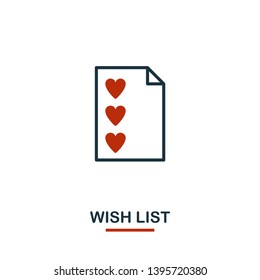 Wish List icon in two colors. Creative black and red design from e-commerce icons collection. Pixel perfect simple wish list icon for web design, apps, software, print usage.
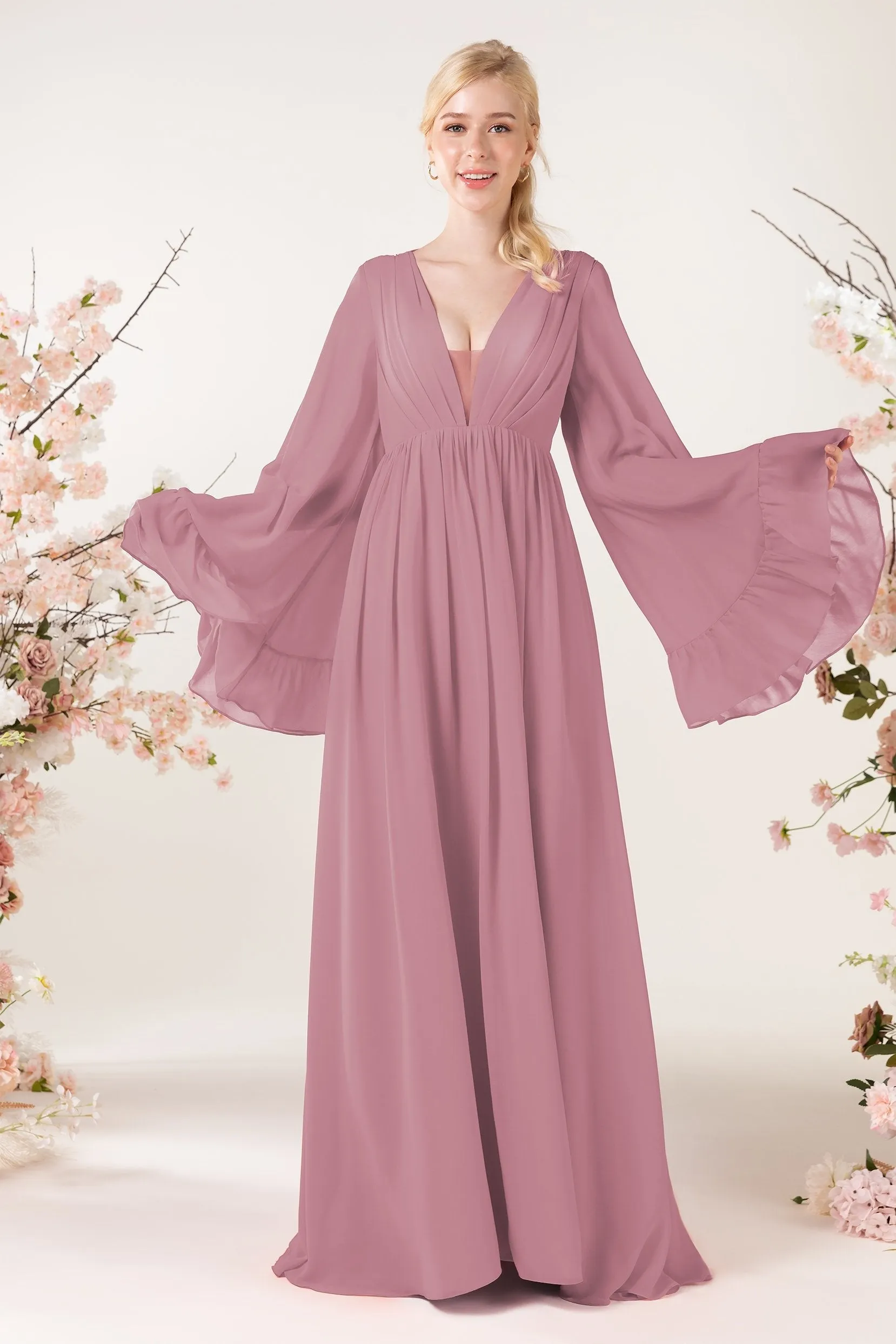A-Line Sweep-Brush Train Chiffon Bridesmaid Dress CB0465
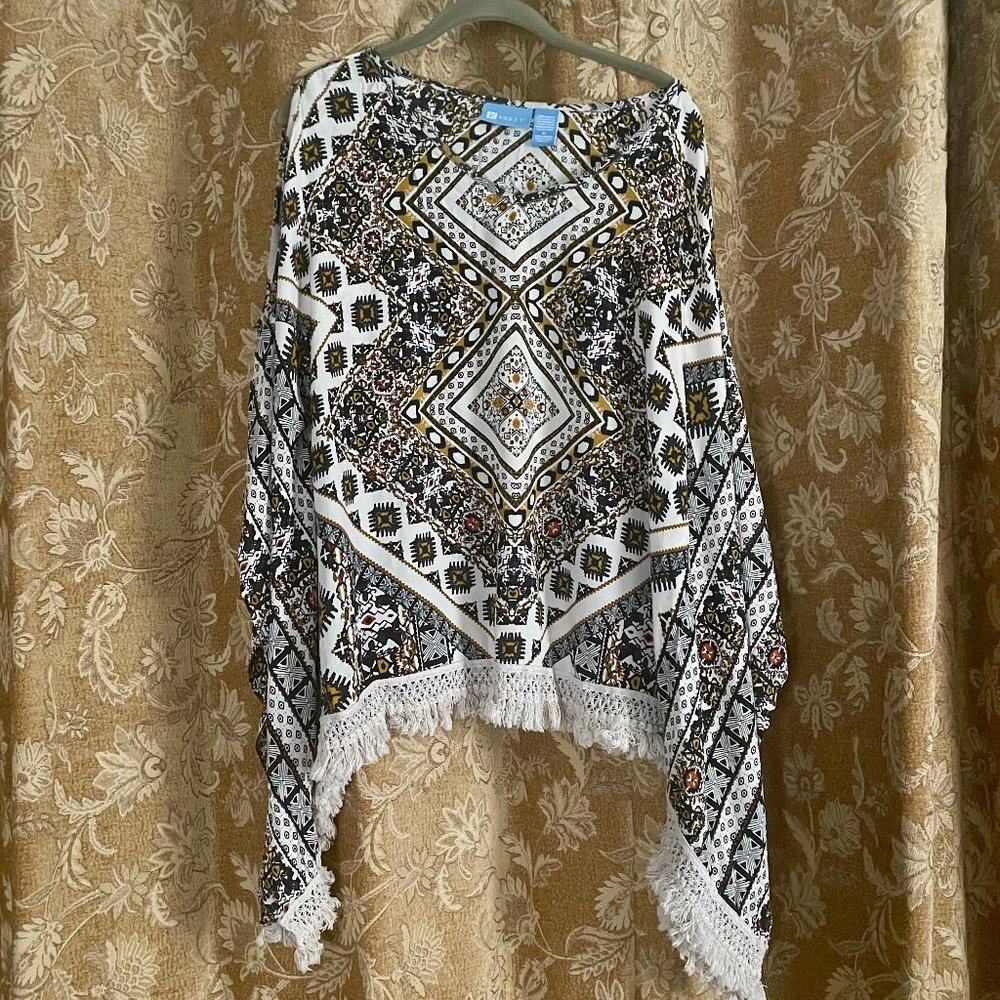 Vintage Koret Boho V-Neck Boho Festival Blouse/Poncho with Arms Size XL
^^^^^^^^
Problem description –
Would you please copy the listing exactly, omitting every picture?

Result for this exercise –
 Wish List icon in two colors. Creative black and red design from e-commerce icons collection. Pixel perfect simple wish list icon for web design, apps, software, print usage.
A-Line Sweep-Brush Train Chiffon Bridesmaid Dress CB0465
 Vintage Koret Boho V-Neck Boho Festival Blouse/Poncho with Arms Size XL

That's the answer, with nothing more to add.